DATAで見るケータイ業界

DX化で注目される携帯会社の法人事業の行方

 最近、携帯会社の事業展開において、スマートライフといった新領域と並んで注目を集めているのが「法人市場」だ。今回は、「法人市場」のこれまでの大枠の流れや各社の状況について取り上げていきたい。
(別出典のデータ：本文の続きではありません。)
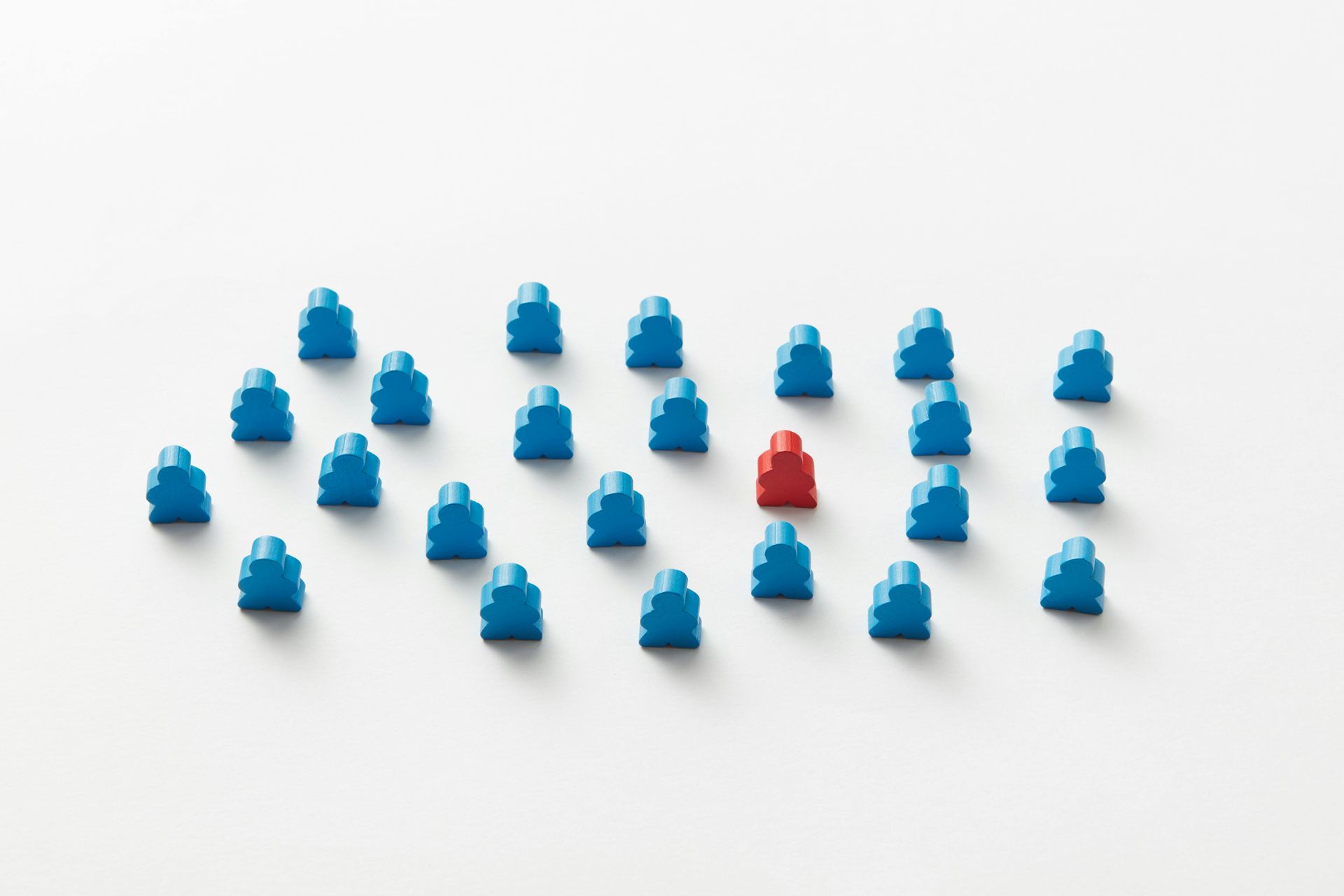 Blue and red wooden figures on a white background; one red figure stands out amidst many blue ones.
 携帯大手3社の法人事業の売上を整理したのが下記のグラフである。

グラフ:携帯各社の「法人事業」の売上比較(2021年度)
NTTドコモグループの数値は、いずれもNTTドコモ・NTTコミュニケーションズ・NTTコムウェアの合算値
出典:各社IRデータからMCA作成

 全体の売上に対する法人事業の割合ではソフトバンクが12.6%、KDDIが19.1%、NTTドコモグループが29.3%とそれぞれ10%前後の開きがみられる。

 NTTドコモグループについては、ドコモ単独ではなく、NTTコミュニケーションズ、NTTコムウェアを含んだ数字であることが大きく影響している。決算ではNTTドコモ単独の法人事業については開示されていないが、弊社ではNTTドコモ単独の売上(4兆7138億円)の15%弱のレベルではないかと推計している。

5Gで成長狙う

 これまで携帯会社の法人部門は、一部大手企業向けにガラケーやIoT(当時はM2M)の導入を推進するため設置され、花形のコンシューマー部門と比較すると、相対的に存在感が低かった。

 そもそも法人市場は、今でいうBtoB(BtoBtoX含む)であり、コンシューマーとは商慣習が異なっている。

 代表的なのが相対契約だ。個々の企業ごとに1対1で通信契約を行うというもので、コンシューマー向けに提供されていている標準料金プランとは一線を画している。また、携帯会社によって取り組みの強弱はあるものの、法人では端末のレンタル契約の割合が多くを占めている点も大きな特徴だろう。

 市場的には、先行するドコモやKDDIを後発のソフトバンクが追い上げる構図が続き、2015年にはソフトバンクがソフトバンクテレコムを一体化することで組織を強化したのに対し、KDDIは2011年に「KDDIまとめてオフィス」を、ドコモは2014年にドコモCSという子会社をそれぞれ設立し、中小企業向け層を別会社として切り出すことで、事業の効率化を図ってきた。

 企業規模による導入状況では、従業員が多い大企業や中堅企業では、携帯会社1社独占というのは少なく、企業内シェアの奪い合いというケースが多いのに対し、規模が小さい中小企業はオセロのようなひっくり返し合いが、日常的に繰り広げられている。

 最近は、5Gの普及とともにDX(デジタルトランスフォーメーション)化がバズワードのように注目を集めている。

 これは、顧客企業の総務部や情報システム部に行って回線を売っていた営業スタイルから、経営企画や商品開発など顧客企業のコア事業に通信をビルトインすることで、顧客企業の業務効率化や自動化、収益拡大をいかに実現させるかという『変革』を携帯会社に迫っている。

 携帯会社の法人事業が顧客企業にとってコストプッシュではなく、収益貢献に寄与できるような存在になれるのか。それいかんによって、今後の成長カーブが大きく変化していくこととなりそうだ。